Scholars Cautiously Urge Political Reform

An open letter released on Christmas Day seeks to sway the new Party leadership towards renewed political reform, encouraged by Xi Jinping and others’ strong words against corruption and bureaucratic excesses. From Bloomberg News:

The letter, signed by 71 people and posted on the blog of Peking University law professor Zhang Qianfan, calls for the party to end its oversight of government personnel decisions, leave court decisions to judges and lawyers, and allow people to speak and assemble freely.

[…] “I don’t think society should simply wait passively for whatever comes up but we should express our ideas and try to build a social consensus,” Zhang, who helped draft the letter, said in a phone interview. “Now is a good time to do something new and if we miss such a chance then our social problems will become more serious.”

[…] “None of this is new and it’s not something that’s really against the Party’s will,” Zhang said. “They already expressed their will in the constitution or in the charter of the party itself.”

Zhang’s calculation that a gentle approach may be more productive—and less dangerous—is not universally accepted, with critics arguing that the resulting text is too watered down. From Didi Tang and Gillian Wong at the Associated Press:

The document echoes some of the requests made in Charter 08, a 2008 manifesto that made an unusually direct call for an end to single-party rule and other democratic reforms. The manifesto landed its lead architect, dissident writer Liu Xiaobo, in prison for inciting subversion — an 11-year term he is still serving.
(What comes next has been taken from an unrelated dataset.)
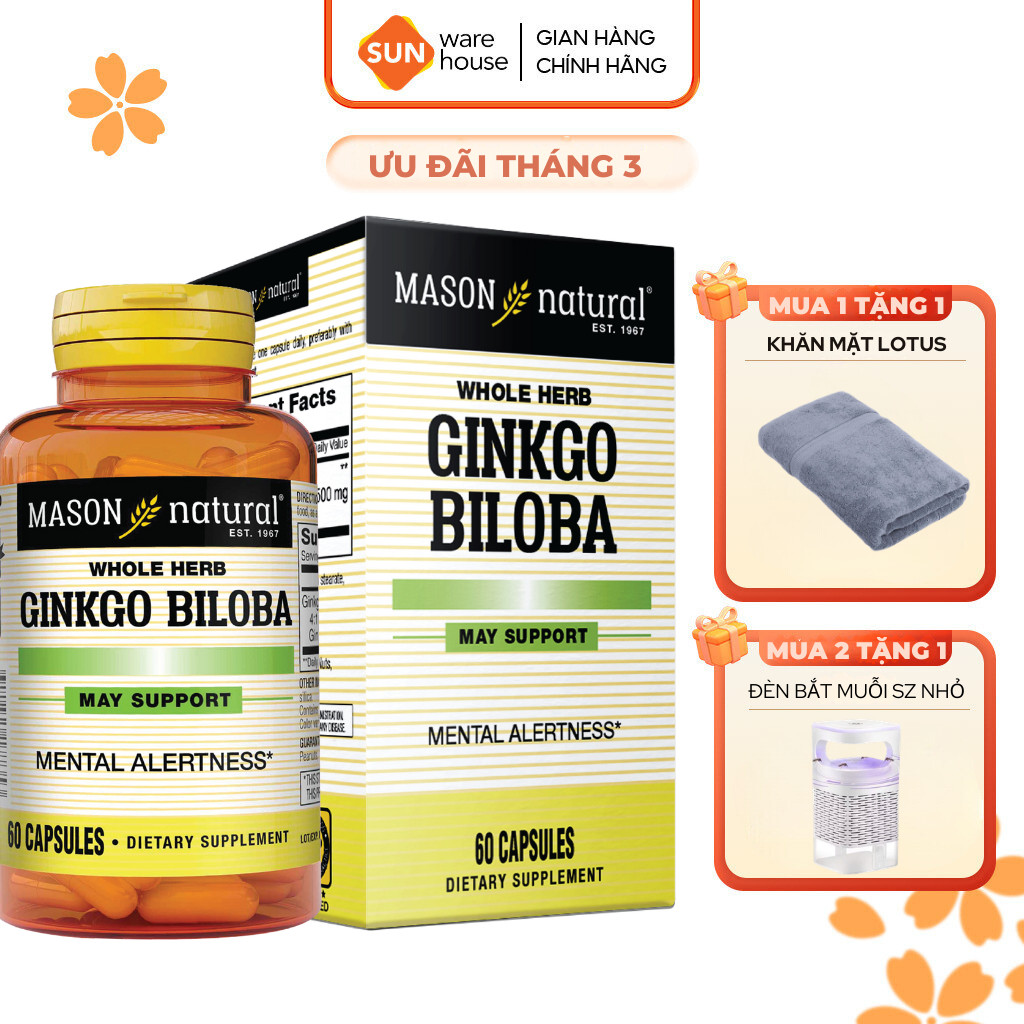 Viên Uống Mason Natural Ginkgo Biloba Hỗ Trợ Chức Năng Bộ Não, Hệ Thần Kinh 60 Viên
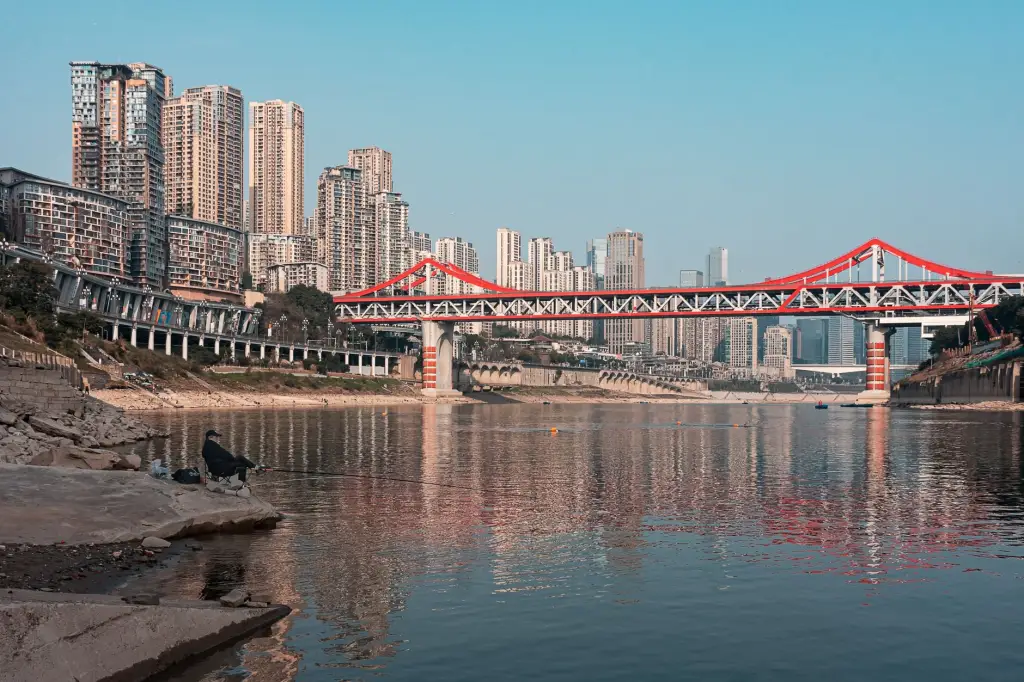 工业读码器与条码扫描器选型对比：关键参数与场景适配分析封面图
The petition, released on Christmas Day, adopts a milder tone, asking the party leadership to rule within existing laws.

[…] Hong Kong-based Chinese free-speech activist Wen Yunchao said the requests made in the petition were sound but the style in which it was written was “too subservient.”

“It’s like they are slaves, kneeling there and writing it,” Wen said. He said the proposed changes should have been stated more directly.